Here, we present SuperPred, which is a prediction webserver for ATC code and target predicition of compounds.
Predicting ATC codes or targets of small molecules and thus gaining information about the compounds offers assistance in the drug development process.
The webserver's ATC predicition as well as target prediction is based on a machine learning model, using logistic regression and ECFP4 fingerprints.
The drug classification for a compound can be performed at the Drug Classification site. Target prediction for an input compound can be executed at the Target-Prediction site.
Statistics of the testset and the cross-validation results can be found at the statistics page.
If you have any questions please see the FAQs or feel free to contact us!

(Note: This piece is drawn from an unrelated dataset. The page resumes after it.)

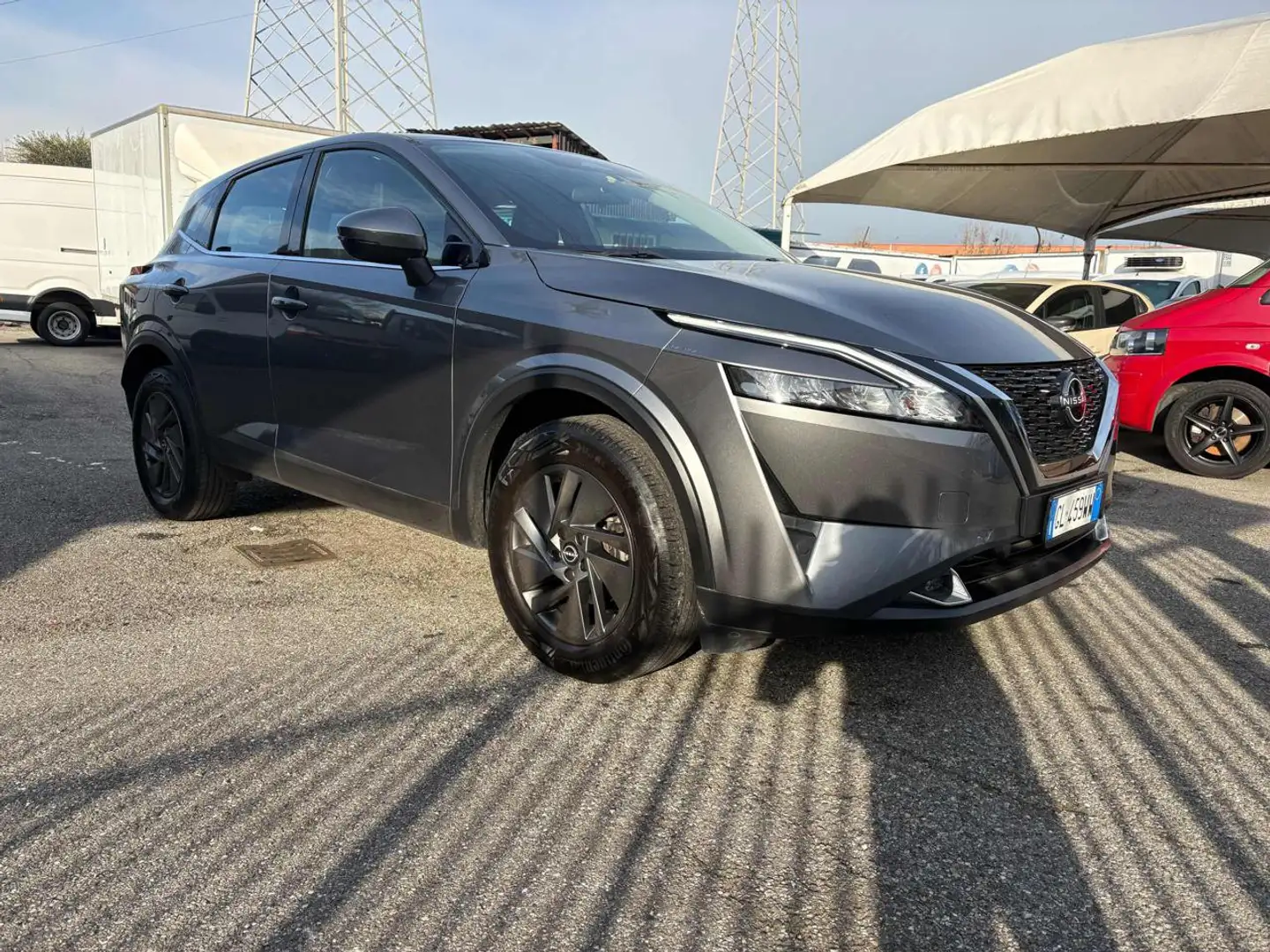 Nissan Qashqai MHEV 140 CV N-Connecta Grau - 1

The ATC code prediction is based on machine learning, using a linear logistic regression model. It is trained on ECFP4 fingerprints from 1552 different drugs in 233 different level 4 ATC classes. Query compounds are evaluated and scored by the machine learning model, ranking each ATC class and returning the highest scoring classes.

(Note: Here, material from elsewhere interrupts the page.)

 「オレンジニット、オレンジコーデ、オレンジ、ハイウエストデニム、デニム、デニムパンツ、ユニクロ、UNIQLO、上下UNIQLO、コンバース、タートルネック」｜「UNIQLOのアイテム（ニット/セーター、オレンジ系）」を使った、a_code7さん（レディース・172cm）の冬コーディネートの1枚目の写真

The Anatomical Therapeutic Chemical (ATC) classification system is used for the classification of drugs. It is published by the World Health Organization (WHO). The classification is based on therapeutic and chemical characteristics of the drugs. Each ATC code is divided into 5 levels:
1. level: Anatomical main group
2. level: Therapeutic main group
3. level: Therapeutic/pharmacological subgroup
4. level: Chemical/therapeutic/pharmacological subgroup
5. level: Chemical substance
Substances or combination of substances in the 5th level refer to a single indication. Drugs having more than one indication belong to more than one ATC code. Aspirine for example has 3 ATC codes assigned.